= Normie (slang) =

Slang term

Normie is a slang word that refers to a "normal person" with typical hobbies, fashion, interests and common social attitudes. The word was borrowed into Russian in its plural form, нормис normis, which has become singular in Russian and was further pluralized: нормисы normisy.

== History ==
It was first used in its original meaning of "ordinary, normal" in English in the 1950s. According to Merriam-Webster, the term "normie" appeared in the late 1980s in the United States. It was used ironically by people with disabilities in reference to the rest of the population. In the late 1990s, the term was used in Alcoholics Anonymous literature to refer to individuals who were not addicted to any substances.

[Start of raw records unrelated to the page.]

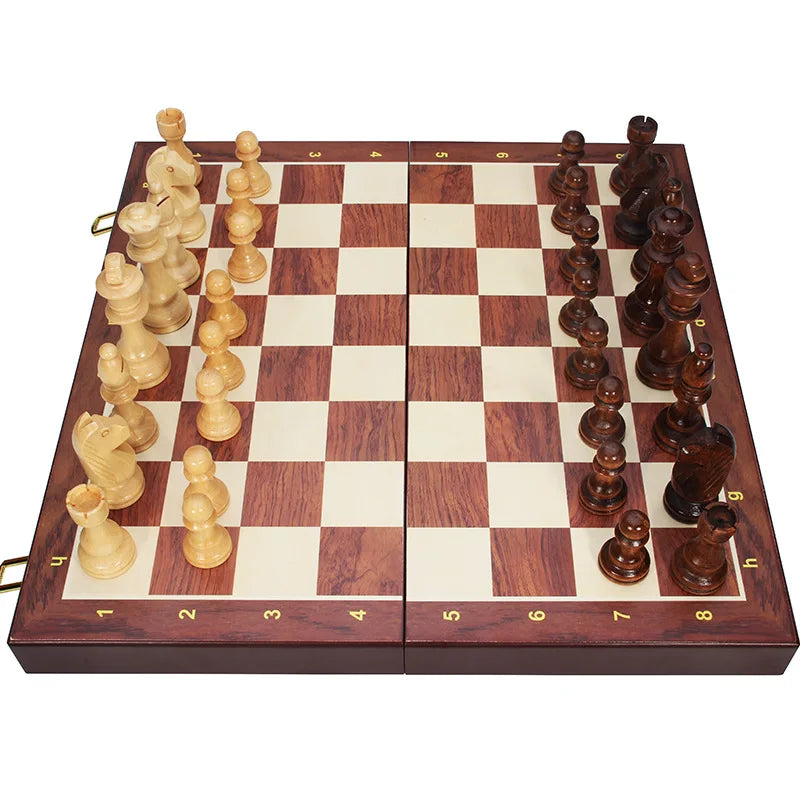 High-grade Set Of Solid Wood Chess Pieces Wooden Folding Board Game With More Than 2 After The Game Entertainment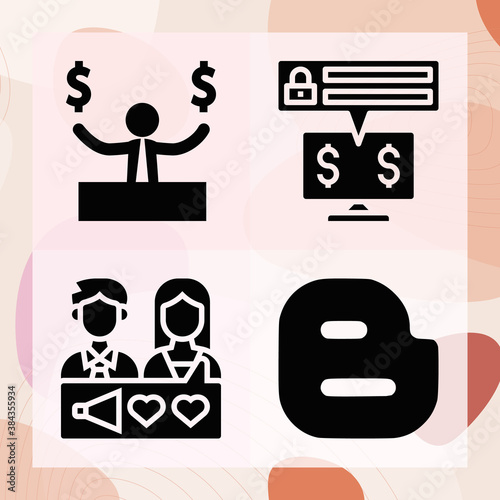 Simple set of multitude related filled icons
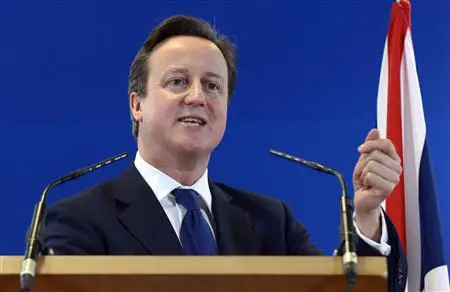 Britain’s Prime Minister Cameron holds a news conference at the end of an EU leaders summit discussing the EU’s long-term budget in Brussels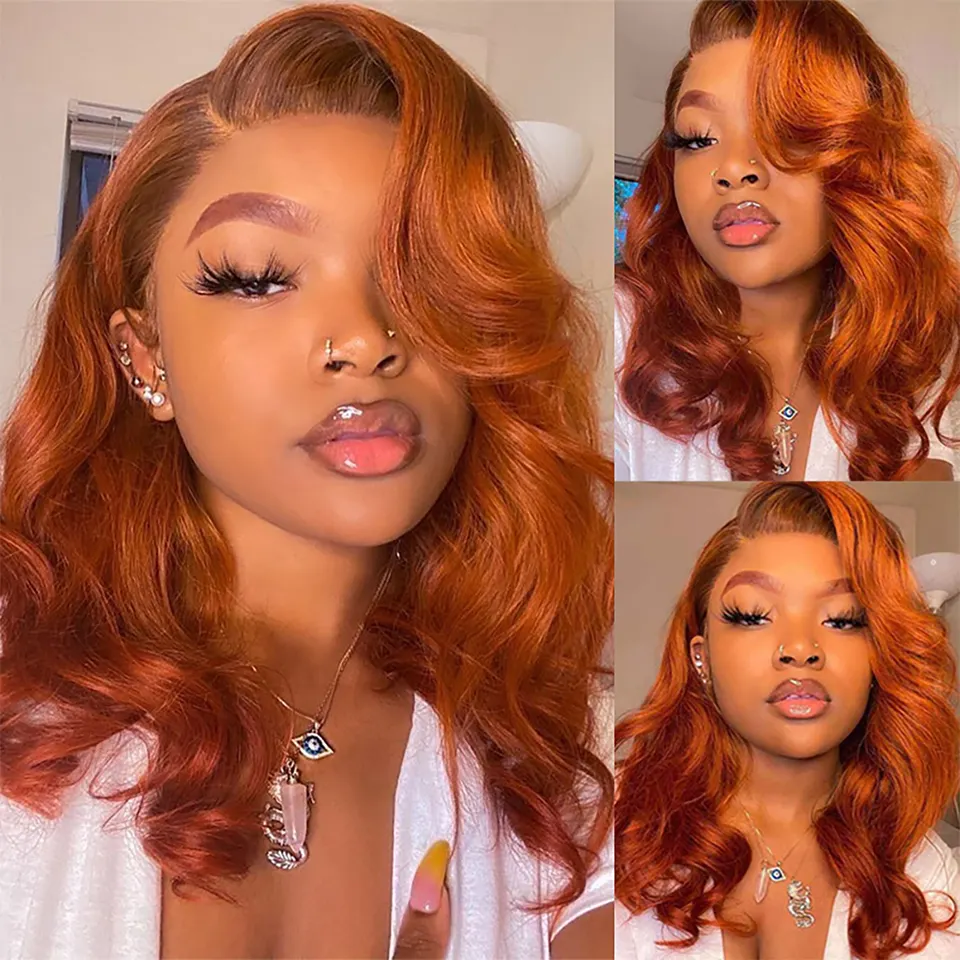 180% Density Body Wave 350 Orange Human Hair Wig Ginger Colored Human Hair Wigs Transparent Frontal Lace For Black Beauty Women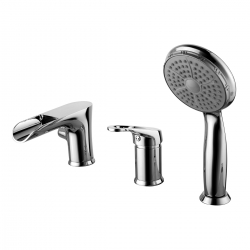 Смеситель для ванны Lemark Omega LM3145C, встраиваемый на борт на три отверстия, каскадный излив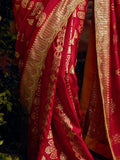 Glamorous Red Zari Woven Silk Festive Wear Saree With Blouse - Zeel Clothing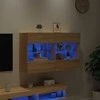 TV staliukas Sieninė TV spintelė su LED lemputėmis, ąžuolo, 98,5x30x60,5cm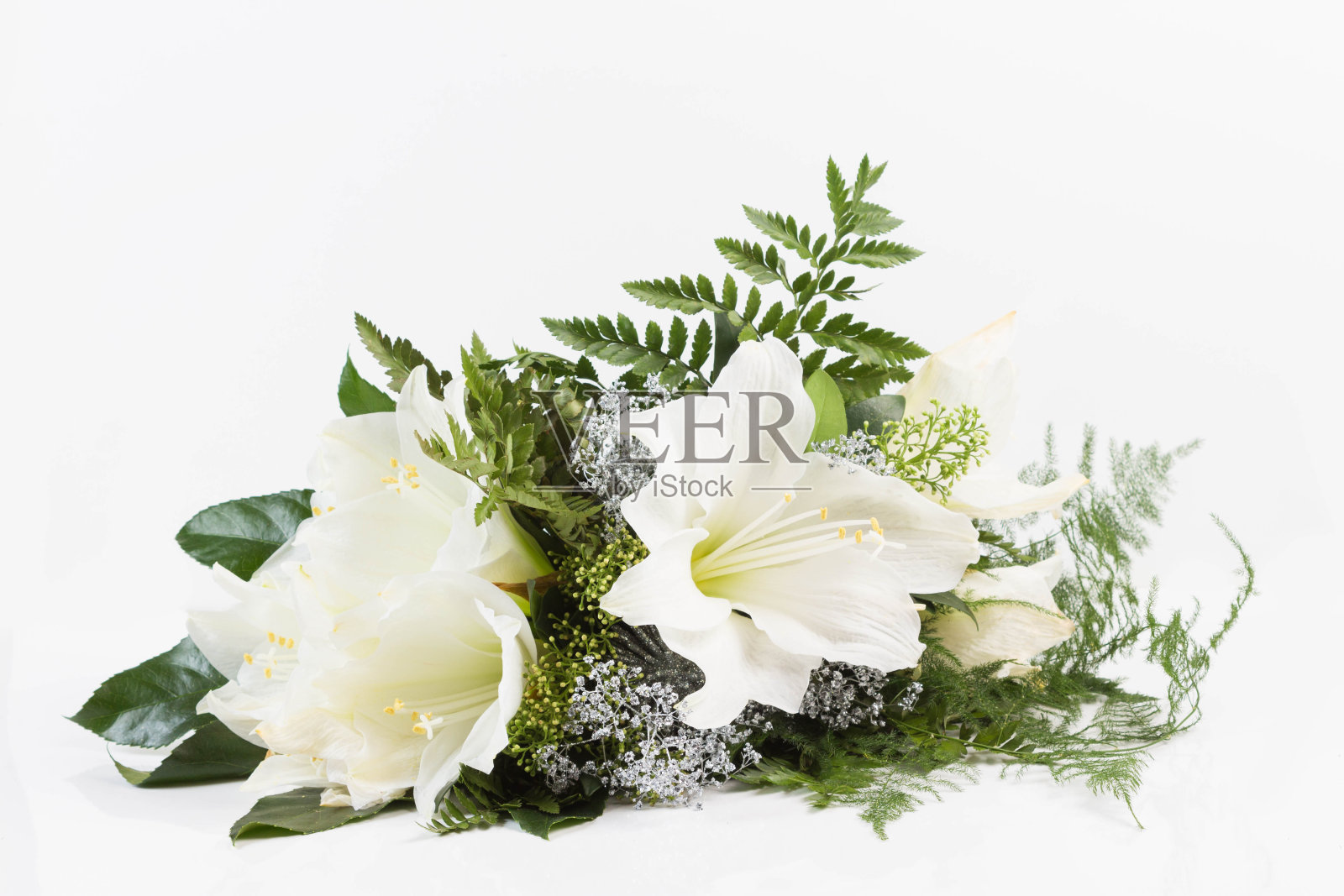 花束组成与白色的孤挺花照片摄影图片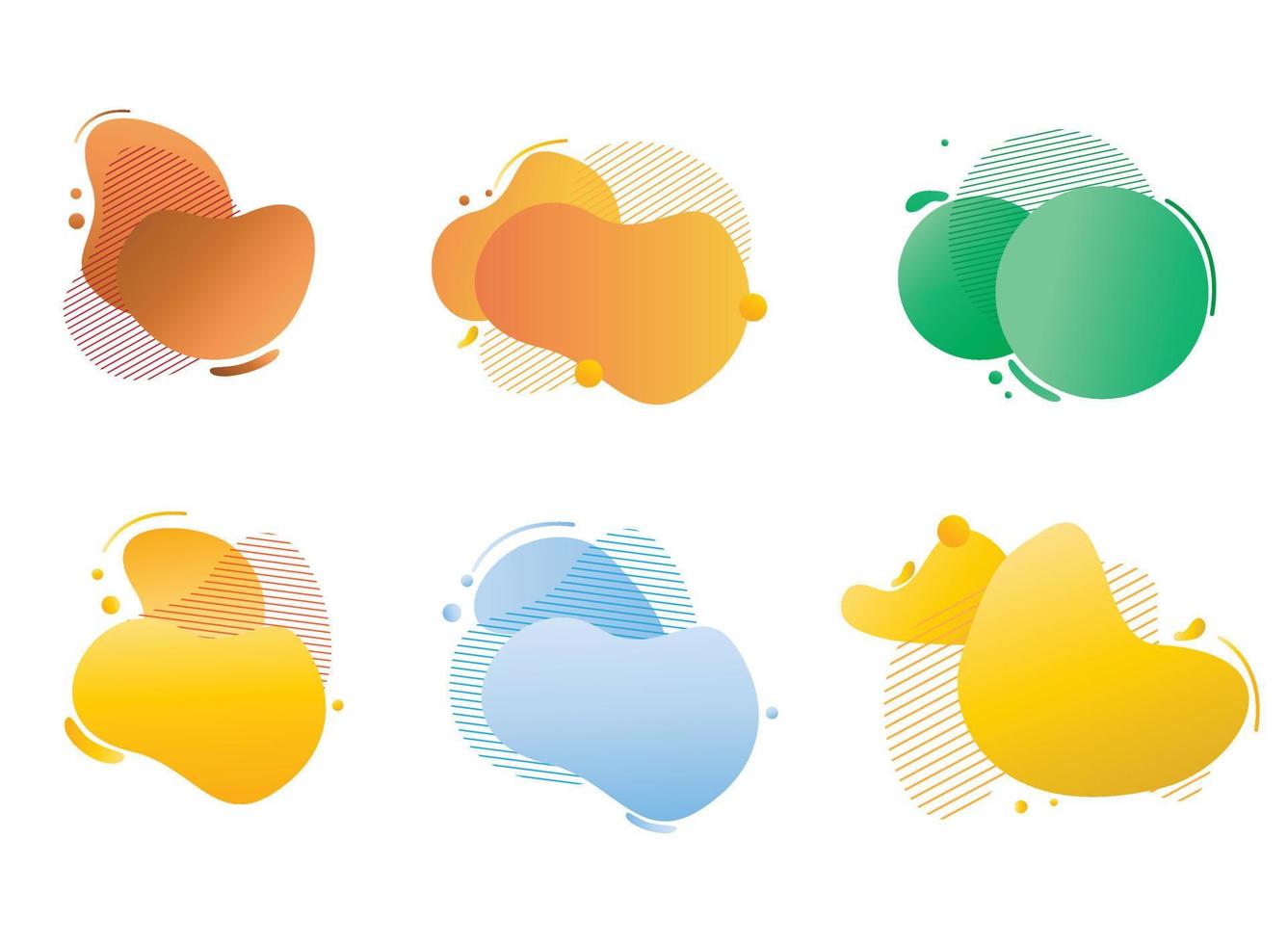 Set color abstract geometric vector shapes. Fluid gradient elements for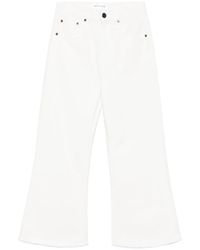 Victoria Beckham - Flared Leg Cropped Jeans - Lyst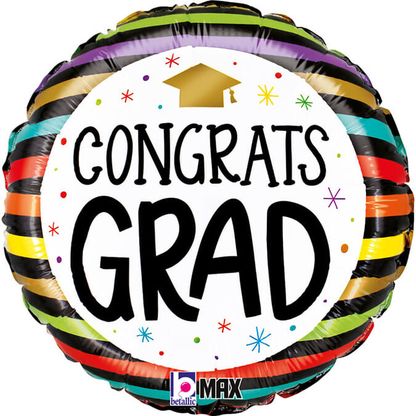 Fóliový balón Promócie Congrats Grad pruhovaný 45cm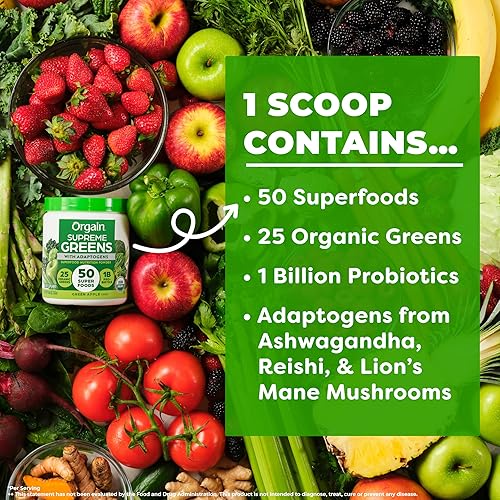 Miniatura 5 de Orgain Supreme Greens Polvo con 25 verduras orgánicas, 50 superalimentos, 1 mil millones de probióticos y adaptógenos, verduras veganas para la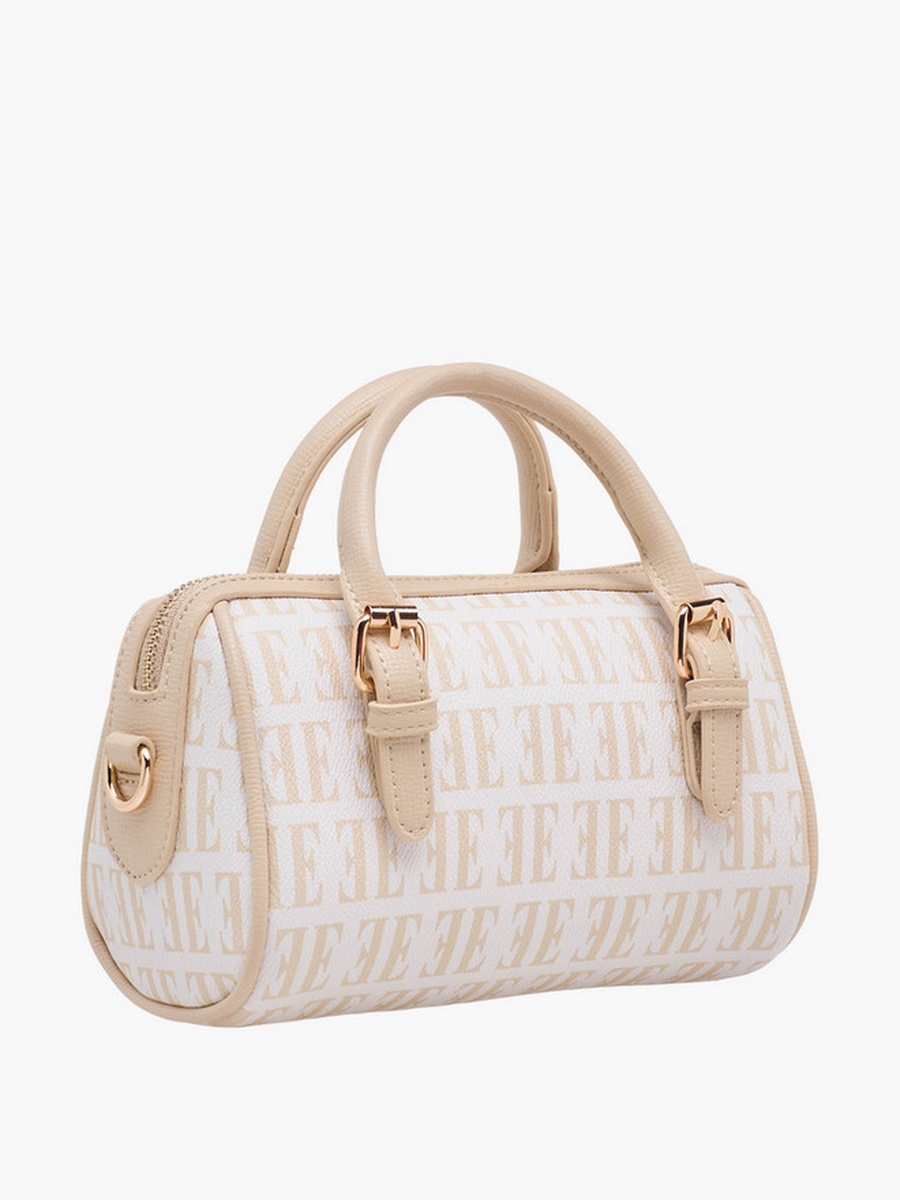Monogram Print Tote Bag with Detachable Strap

Since the early 2000s it has been spreading on the Internet. In the Russian-language sphere, popularization was promoted by the use of the imageboard Dvach, whose users consider themselves representatives of informal culture, which is expressed in controversial publications, non-standard political views, black humor, and involvement in various subcultures.

== Characteristics ==
A normie is a person who has no distinctive personality traits, who adheres to generally accepted, mainstream views, interests, tastes and habits. They usually lead a sedentary lifestyle, and are not interested in or well-informed on political and cultural issues, and do not belong to any community. Normies may be despised by members of the counterculture, who consider themselves outcasts, whose habits and interests are not generally accepted. The views of normies do not contradict the majority opinion, and their hobbies and interests are understandable to society.

The term has an offensive connotation and is often used ironically.

According to Yandex analysts, the word "normis" was one of the most popular neologisms in Russia in 2024 and the web portal gramota.ru dedicated to Russian language shortlisted it in the nomination for the 2024 Word of the Year.